Over-scanning in chest CT: Comparison of practice among six hospitals and its impact on radiation dose.

机构信息

Clinic of Radiology and Nuclear Medicine, University Hospital Basel, Basel, Switzerland.

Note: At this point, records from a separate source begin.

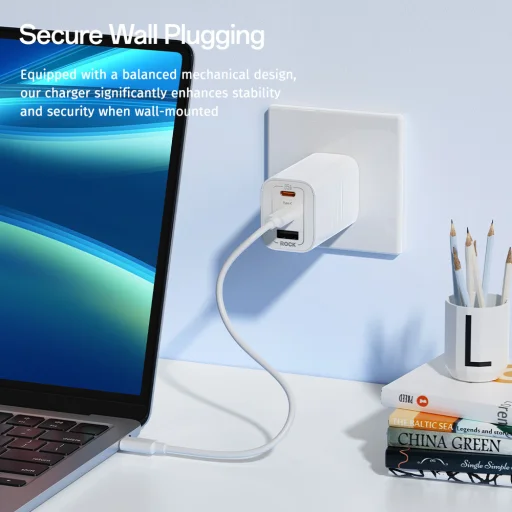 Rock Wall töltő Ice2Cube GaN - USB + 2xType C - PD 65W 3A fehér, - 9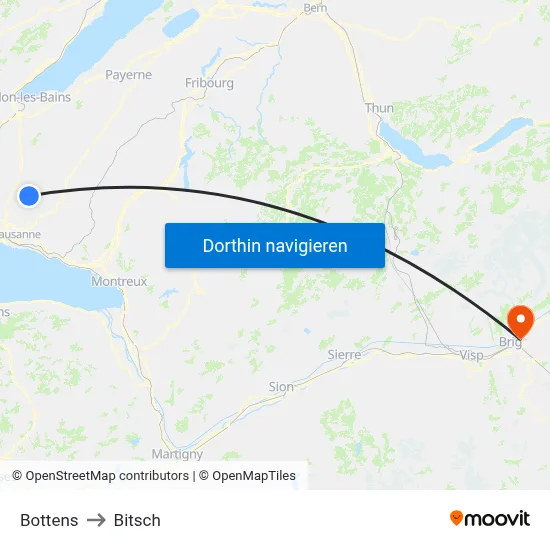 Bottens to Bitsch map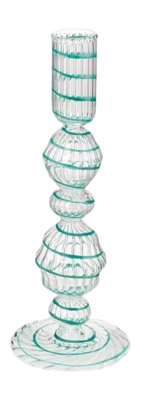 Kandelaar Pip Studio Glass Swirl Medium Light Blue 22cm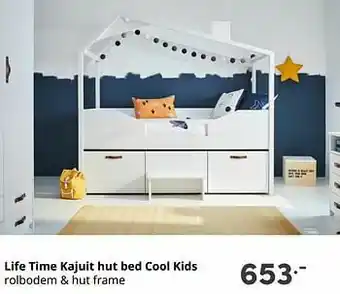 Baby & Tiener Life time kajuit hut bed cool kids rolbodem + hut frame aanbieding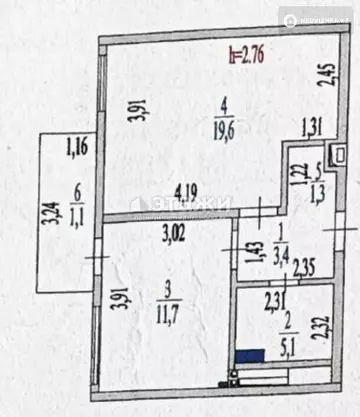 42.2 м², 1-комнатная квартира, этаж 2 из 17, 42 м², изображение - 20
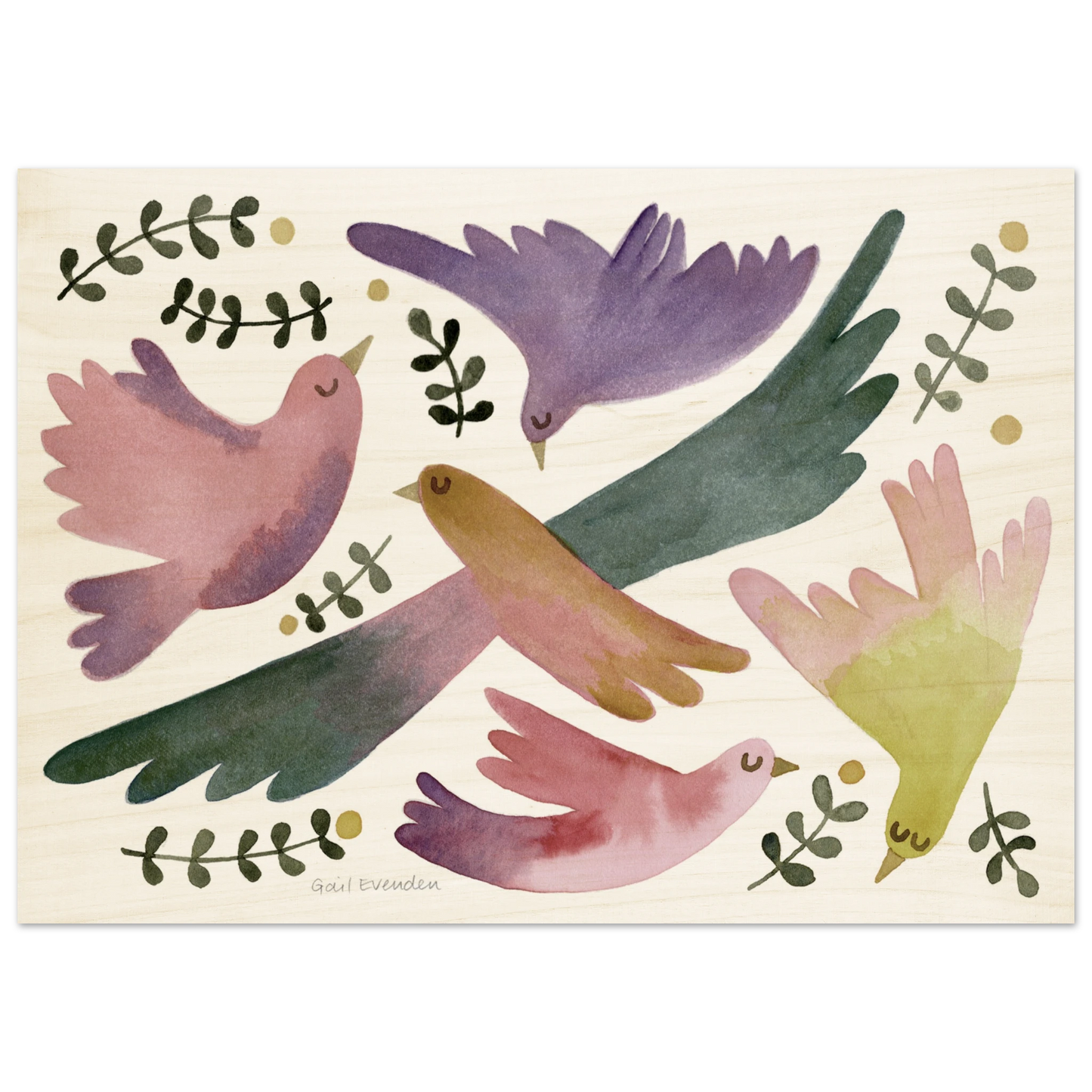 Birds in Spring botanical watercolour art print on birch wood panel by Australian artist Gail Evenden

Institute of Radiology, Hospital Centre of Biel, Biel, Switzerland.

出版信息

Eur J Radiol. 2018 May;102:49-54. doi: 10.1016/j.ejrad.2018.03.005. Epub 2018 Mar 5.

Abstract

OBJECTIVES

Compare incidence of over-scanning in chest CT among six hospitals and impact on effective and organ effective radiation dose.

METHODS

Scout images of 600 chest CTs from six hospitals (A-F) were retrospectively reviewed using a radiation dose tracking software (RTS). Optimal scan range was determined and compared to the actual scan range. Incidence of cranial and caudal over-scanning was assessed and changes in total and organ effective dose were calculated. Descriptive statistics, Tukey- and Wilcoxon matched pairs test were applied.

RESULTS

Simultaneous cranial and caudal over-scanning occurred in 29 of 600 scans (A = 0%, B = 1%, C = 12%, D = 3%, E = 11%, F = 2%). Effective radiation dose increased on average by 0.29 mSv (P < 0.001). Cranial over-scanning was observed in 45 of 600 scans (A = 0%, B = 8%, C = 2%, D = 15%, E = 17%, F = 3%) and increased organ effective dose by 0.35 mSv in the thyroid gland (P < 0.001). Caudal over-scanning occurred in 147 of 600 scans (A = 7%, B = 9%, C = 35%, D = 4%, E = 32%, F = 60%) and increased organ effective doses in the upper abdomen by up to 14% (P < 0.001 for all organs).

CONCLUSIONS

Substantial differences in the incidence of over-scanning in chest CT exist among different hospitals. These differences result in excessive effective radiation dose and increased individual organ effective doses in patients.

摘要

目的

比较六家医院胸部 CT 过度扫描的发生率及其对有效剂量和器官有效剂量的影响。

方法

使用辐射剂量跟踪软件(RTS)回顾性分析六家医院(A-F)的 600 例胸部 CT 的扫描图像。确定最佳扫描范围并与实际扫描范围进行比较。评估颅顶和尾端过度扫描的发生率,并计算总有效剂量和各器官有效剂量的变化。采用描述性统计、Tukey 检验和 Wilcoxon 配对检验。

结果

600 例扫描中,29 例(A 组=0%,B 组=1%,C 组=12%,D 组=3%,E 组=11%,F 组=2%)同时出现颅顶和尾端过度扫描。有效剂量平均增加 0.29mSv(P<0.001)。45 例(A 组=0%,B 组=8%,C 组=2%,D 组=15%,E 组=17%,F 组=3%)出现颅顶过度扫描,甲状腺器官有效剂量增加 0.35mSv(P<0.001)。147 例(A 组=7%,B 组=9%,C 组=35%,D 组=4%,E 组=32%,F 组=60%)出现尾端过度扫描,上腹部各器官的有效剂量增加最高达 14%(所有器官 P<0.001)。

结论

不同医院胸部 CT 过度扫描的发生率存在显著差异。这些差异导致患者的有效剂量过高,各器官的有效剂量增加。